Therapy sessions are helping me to order things in my mind a little more now. I’ve started to get a grasp of the idea that porn is a very big and diverse subject for me, that I’m not responsible for it – just my own use of it. I’m also really beginning to get to understand that masturbation isn’t bad! It never has been, but the way I’ve been engaging with it could have been. The Internet drove my compulsivity.

I’m starting to see the shape of my time with porn, that when I began to use [erotic materials], it was exciting; the women in the pictures were gorgeous, sexy and beautiful. They were not, to my mind, degrading themselves in sexual acts I’d rather not write down.

When I compare what I started with and where I am now it makes me sad. Those magazines I used to look at as a young man seemed exciting. I didn’t look at them 10 times a day; I didn’t even look at them every day. The women in the pictures I was masturbating to looked ‘happy’ and sexy. They were glossy, artful images of women who looked interested in being naked in front of a camera. If my girlfriends of the time had been in those pictures, then I’d still have taken them home to meet my mother!

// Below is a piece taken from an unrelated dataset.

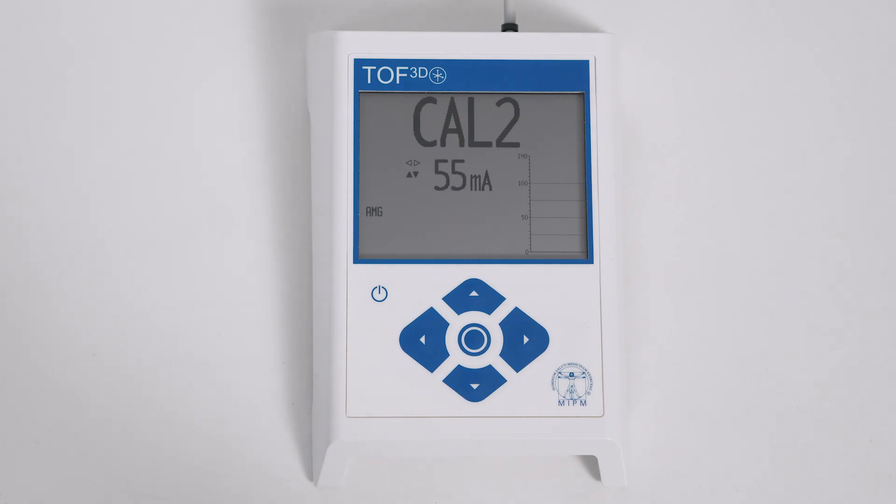After successful calibration, a triangle is displayed in the lower right side of the display. The calibration function determines the supramaximal current for that patient and adjusts the baseline to the patient's individual response. Only calibrate in the absence of NMBA. If the patient is already paralyzed, use the monitor without calibration at 50 mA stimulation current.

Well, perhaps not my mother. Then there was the much more artistic/fetish stuff. I remember feeling I was a bit of a connoisseur when I looked at those black and white magazines or bought the coffee top, hardback books. When I think about them now, I see them as being part of my sexual identity, my way of being.
And then there was the Internet …

I started with the Internet in a very different place to the magazines. The endless source of new, free pictures, then the streaming videos. I couldn’t control my looking and I didn’t view or go looking for the same ‘sexy and beautiful’ images I’d used in magazines. I went beyond the artistry of fetish and into the darkest places I could find.

Therapy is making me find words for what I sought out: degradation, exploitation, violence. Those words don’t sit pretty on the screen. I sought out the degradation of women; I supported the exploitation of women; I looked to watch violence acted out on women.

It surprises me that I cried in the last session. I sat with another man in a closed room and let my feelings out about the place I’d taken myself to. I cried as a father of two beautiful girls. I cried as a man seeing the loss of his own sexual life. The Internet is totally the PornNet for me.

It’s only just occurring to me in my last couple of sessions that I have a life away from porn on the Internet and I’m realising as I talk in therapy about so much more than porn – it makes me feel a little bit hopeful.